Front-end (oned) Scalability

This section focuses on the scale limits of oned, the controller component, for a single OpenNebula zone. The limits recommended here are associated to a given API load; you may consider to reduce or increase the limits based on your actual API requests. Notice that the maximum number of servers (virtualization hosts) that can be managed by a single OpenNebula instance strongly depends on the performance and scalability of the underlying platform infrastructure, mainly the storage subsystem. The following results have been obtained with synthetic workloads that stress oned running on a physical server with the following specifications:

CPU model: Intel(R) Atom(TM) CPU C2550 @ 2.40GHz, 4 cores, no HT
RAM: 8GB, DDR3, 1600 MT/s, single channel
HDD: INTEL SSDSC2BB150G7
OS: Ubuntu 18.04
OpenNebula: Version 5.8
Database: MariaDB v10.1 with default configurations

In a single zone, OpenNebula (oned) can work with the following limits:

Number of hosts 2,500
Number of VMs 10,000
Average VM template size 7 KB

In production environments, we do not recommend exceeding in the same installation this number of servers (2,500) and VMs (10,000), as well as 30 API load req/s to avoid excessive slowness of the system. Better performance can be achieved with specific tuning of other components like the DB, or better hardware.

The four most common API calls were used to stress the core at the same time in approximately the same ratio experienced on real deployments. Total amount of API calls per second used were: 10, 20 and 30. In these conditions, with a host monitoring interval of 20 hosts/second, in a pool with 2,500 hosts and a monitoring period on each host of 125 seconds, the response times in seconds of the oned process for the most common XMLRPC calls are shown below:

Response Time (seconds)
API Call - ratio API Load: 10 req/s API Load: 20 req/s API Load: 30 req/s
host.info (30%) 0.06 0.50 0.54
Hostpool.info (10%) 0.14 0.41 0.43
vm.info (30%) 0.07 0.57 0.51
vmpool.info (30%) 1.23 2.13 4.18

Hypervisor Scalability

The number of VMs (or containers) a virtualization node can run is limited by the monitoring probes. In this section we have evaluated the performance of the monitoring probes for the KVM and LXD drivers. The host specs are the following:

CPU model: Intel(R) Atom(TM) CPU C2550 @ 2.40GHz, 4 cores, no HT
RAM: 8GB, DDR3, 1600 MT/s, single channel
HDD: INTEL SSDSC2BB150G7
OS: Ubuntu 18.04
Hypervisor: Libvirt (4.0), Qemu (2.11), lxd (3.03)

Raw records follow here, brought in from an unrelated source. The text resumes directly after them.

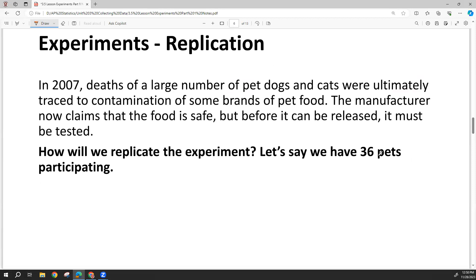Replication comes from having 36 total participants — 18 eating new food and 18 eating old food. We've replicated eating the new food 18 times and the old food 18 times. So if one pet eating the new food gets sick for an unrelated reason, we have 17 other pets to check whether the food had any effect on them.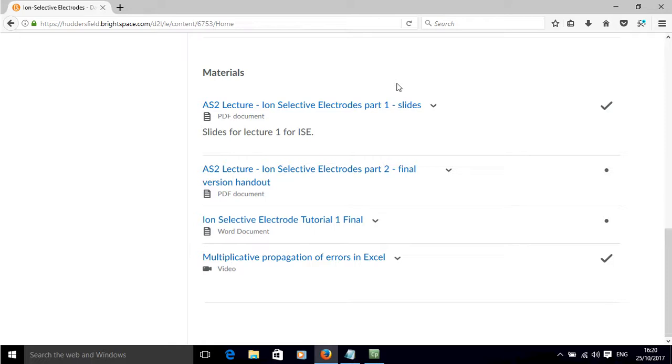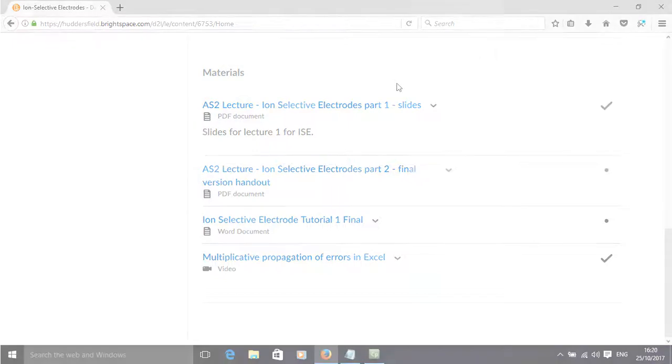Overall, that is how you can add some learning objectives to content area in Brightspace and also how you can look at that content from the perspective of how a student will see it. Thank you.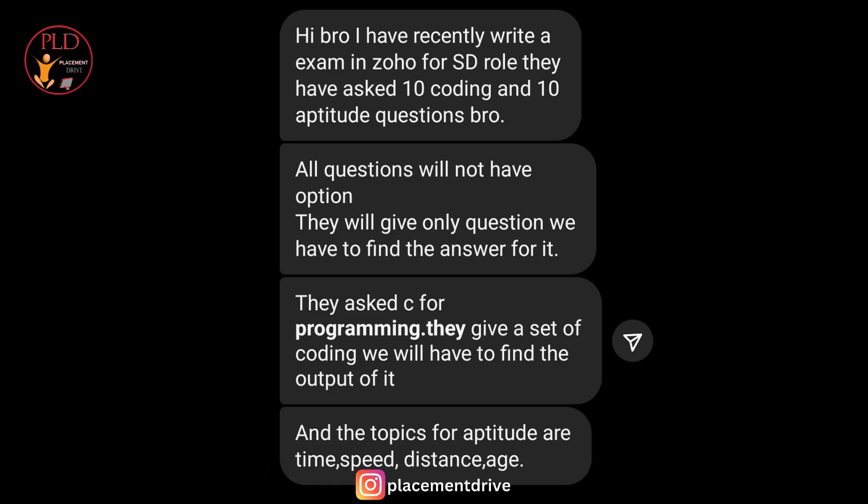In the coding section, candidates are asked to solve 10 programming questions, all related to the C programming language. But here's the catch — there were no multiple choice options provided. Test takers had to analyze the code snippets and figure out the output on their own.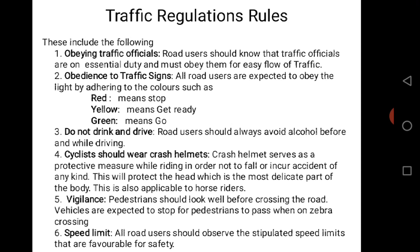Rule 2: Obedience to traffic signs. All road users are expected to obey the traffic lights by adhering to the colors — red means stop, yellow means get ready, green means go.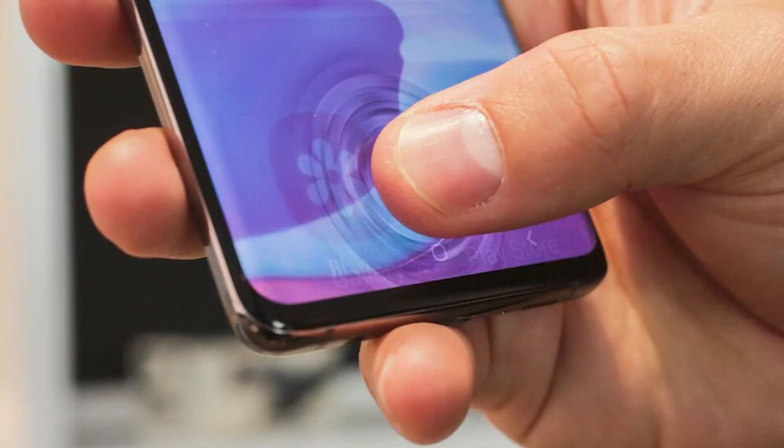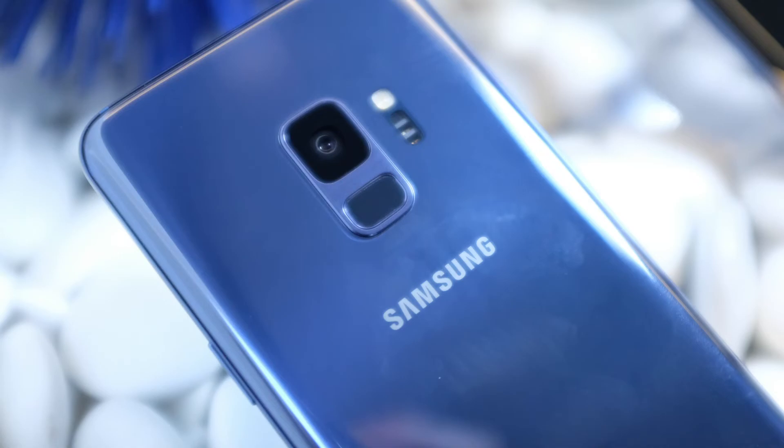One more thing I miss from Samsung phones is the fingerprint scanner. I really enjoyed it — specifically the one on the back of the S10 or S20 near the camera. It was super fast, unlocking in about half a second to a second. With iPhone's Face ID, if you're wearing a beanie or a mask it takes a few extra seconds. I have to wear a mask at work and sometimes the iPhone just doesn't unlock, which is a little annoying.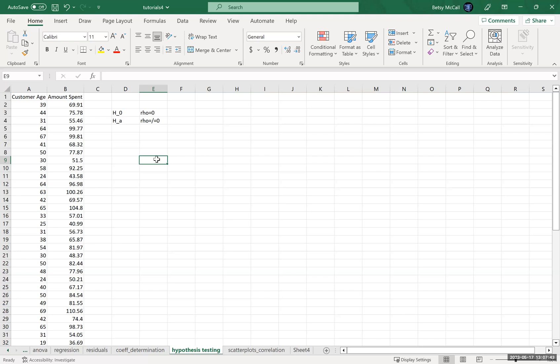This is a two-tailed test where we don't care whether the correlation is positive or negative — we just want to know that it's not zero. We're trying to determine if there is a relationship of some sort. That is our main hypothesis test for regression. We can change this to a one-tailed test if we want to know strictly positive or strictly negative, but most of the time we just want to know if there is a relationship.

Containers and VMs settings used for monitoring tests:

Hypervisor OS RAM CPU Max. VM/host
KVM None (empty disk) 32MB 0.1 250
LXD Alpine 32MB 0.1 250

Note: 250 instances were deployed for both types of hypervisor because both templates were created with the same capacity requirements. This made allocated resources grow at the same rate so the scheduler instantiated same amount of KVM VMs than LXD containers. It is worth noticing that the overhead on KVM VMs is bigger than on LXD containers, so this last hypervisor technology allows for bigger density when compared to KVM, as shown on this report.

Monitoring times for each type of instance are shown below:

Hypervisor Monitoring time (seconds) per instance
KVM 0.42
LXD 0.1

Note that there may be other factors that limit the number of VMs / containers running in a single host.

Tuning for Large Scale

Monitoring Tuning

In KVM environments, OpenNebula supports two native monitoring systems: ssh-pull and udp-push. The former one, ssh-pull is the default monitoring system for OpenNebula <= 4.2, however from OpenNebula 4.4 onwards, the default monitoring system is the udp-push system. This model is highly scalable and its limit (in terms of number of VMs monitored per second) is bounded to the performance of the server running oned and the database server. Read more in the Monitoring guide.

For vCenter environments, OpenNebula uses the VI API offered by vCenter to monitor the state of the hypervisor and all the Virtual Machines running in all the imported vCenter clusters. The driver is optimized to cache common VM information.

In both environments, our scalability testing achieves the monitoring of tens of thousands of VMs in a few minutes.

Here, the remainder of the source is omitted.